Quarant’anni fa ci lasciava Eduardo De Filippo, uno degli autori più geniali del teatro contemporaneo. Morto nel 1984, era nato nel 1900, nello stesso anno in cui, invece, moriva Nietzsche, il profeta del nichilismo.
Nella sua lunga vita, Eduardo ha vissuto due conflitti mondiali e il fascismo: un periodo storico in cui essere ottimisti non era per nulla semplice; senza contare che la sua esistenza è stata segnata dalla perdita della figlia.
Ma cosa accomuna Eduardo e Nietzsche?
Nel capolavoro del 1931, «Natale in casa Cupiello», Eduardo sembra mettere in scena la Morte di Dio, rappresentato dalla distruzione del presepe, simbolo dei valori universali.
Sul palcoscenico assistiamo al disfacimento di una famiglia durante il periodo natalizio, mentre il capofamiglia, Luca Cupiello, è impegnato nell’allestimento del presepe.
A credere nel sistema dei principi tradizionali è rimasto soltanto lui, che mette in scena ancora il presepe, ignaro che il Novecento ha decretato la fine di tutti gli ideali.
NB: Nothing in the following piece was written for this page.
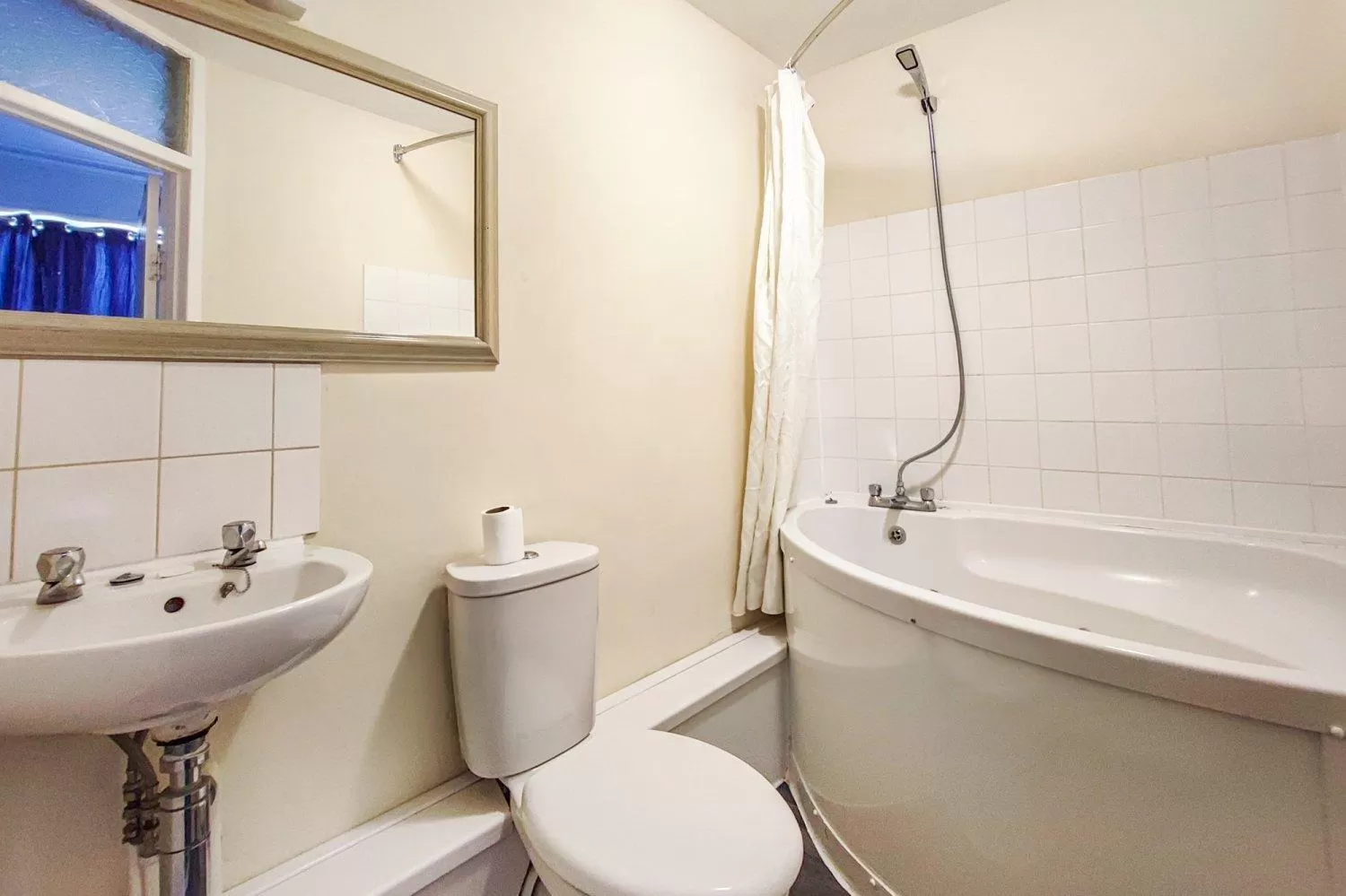 Bathroom in Guest House @ The Bear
Nessuno si riconosce più in quei valori: il figlio nullafacente, Tommasino, ribadisce che il presepe non gli piace; la moglie Concetta considera “fare il presepe” un atto infantile; la figlia Ninuccia, in uno scatto d’ira, fa a pezzi il presepe così come sta mandando all’aria il proprio matrimonio, perché è innamorata di un altro uomo.
Il presepe è distrutto. Dio è morto. Tutti i principi tradizionali sono andati in frantumi.
La tragedia si consuma sullo spazio scenico davanti alle risate del pubblico, mentre Lucariello ricostruisce il presepe. Alla fine, a lui, uomo dai valori ottocenteschi, non rimane che la malattia e la morte. Forse, però, c’è ancora una speranza: Tommasino, al capezzale del padre morente, commosso, dichiara che il presepe gli piace. E noi crediamo ancora nel presepe? Per chi, oggi, si illumina ancora?